Task directions → Within the entries below, the lines from the one with "a kitchen with" through the one with "Coffee service. fine" are to be set down exactly, both ends kept.

Dataset content →

——

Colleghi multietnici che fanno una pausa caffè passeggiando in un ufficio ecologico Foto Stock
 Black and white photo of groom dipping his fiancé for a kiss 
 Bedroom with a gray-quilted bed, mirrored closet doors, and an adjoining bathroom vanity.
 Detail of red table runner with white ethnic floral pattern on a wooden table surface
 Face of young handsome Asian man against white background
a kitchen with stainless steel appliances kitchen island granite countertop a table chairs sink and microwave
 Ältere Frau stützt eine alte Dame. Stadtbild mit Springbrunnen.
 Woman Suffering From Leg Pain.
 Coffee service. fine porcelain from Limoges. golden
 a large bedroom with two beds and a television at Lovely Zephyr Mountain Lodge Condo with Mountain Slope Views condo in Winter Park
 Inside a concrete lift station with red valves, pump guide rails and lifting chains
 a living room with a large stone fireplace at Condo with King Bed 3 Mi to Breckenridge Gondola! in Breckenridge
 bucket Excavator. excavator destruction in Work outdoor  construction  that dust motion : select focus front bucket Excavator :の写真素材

——

Answer →
a kitchen with stainless steel appliances kitchen island granite countertop a table chairs sink and microwave
 Ältere Frau stützt eine alte Dame. Stadtbild mit Springbrunnen.
 Woman Suffering From Leg Pain.
 Coffee service. fine porcelain from Limoges. golden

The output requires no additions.